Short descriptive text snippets

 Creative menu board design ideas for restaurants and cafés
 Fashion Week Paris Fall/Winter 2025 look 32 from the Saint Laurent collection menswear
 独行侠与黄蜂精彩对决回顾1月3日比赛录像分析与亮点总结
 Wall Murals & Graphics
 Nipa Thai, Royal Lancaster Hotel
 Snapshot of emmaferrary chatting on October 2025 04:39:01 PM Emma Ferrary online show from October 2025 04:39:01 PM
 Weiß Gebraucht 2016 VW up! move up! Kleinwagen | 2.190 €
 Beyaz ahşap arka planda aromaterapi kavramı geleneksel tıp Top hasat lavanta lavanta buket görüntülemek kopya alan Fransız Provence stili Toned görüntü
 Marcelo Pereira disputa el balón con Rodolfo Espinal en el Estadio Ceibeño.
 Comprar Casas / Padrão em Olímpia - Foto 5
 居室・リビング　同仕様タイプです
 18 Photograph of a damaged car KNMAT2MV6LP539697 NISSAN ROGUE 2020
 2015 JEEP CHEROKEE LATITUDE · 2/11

PROBLEM REQUIREMENTS |
Your reply should be an exact copy of every line from the line with "Beyaz ahşap arka" through the final line of the data, and nothing more.

EXPECTED ANSWER |
 Beyaz ahşap arka planda aromaterapi kavramı geleneksel tıp Top hasat lavanta lavanta buket görüntülemek kopya alan Fransız Provence stili Toned görüntü
 Marcelo Pereira disputa el balón con Rodolfo Espinal en el Estadio Ceibeño.
 Comprar Casas / Padrão em Olímpia - Foto 5
 居室・リビング　同仕様タイプです
 18 Photograph of a damaged car KNMAT2MV6LP539697 NISSAN ROGUE 2020
 2015 JEEP CHEROKEE LATITUDE · 2/11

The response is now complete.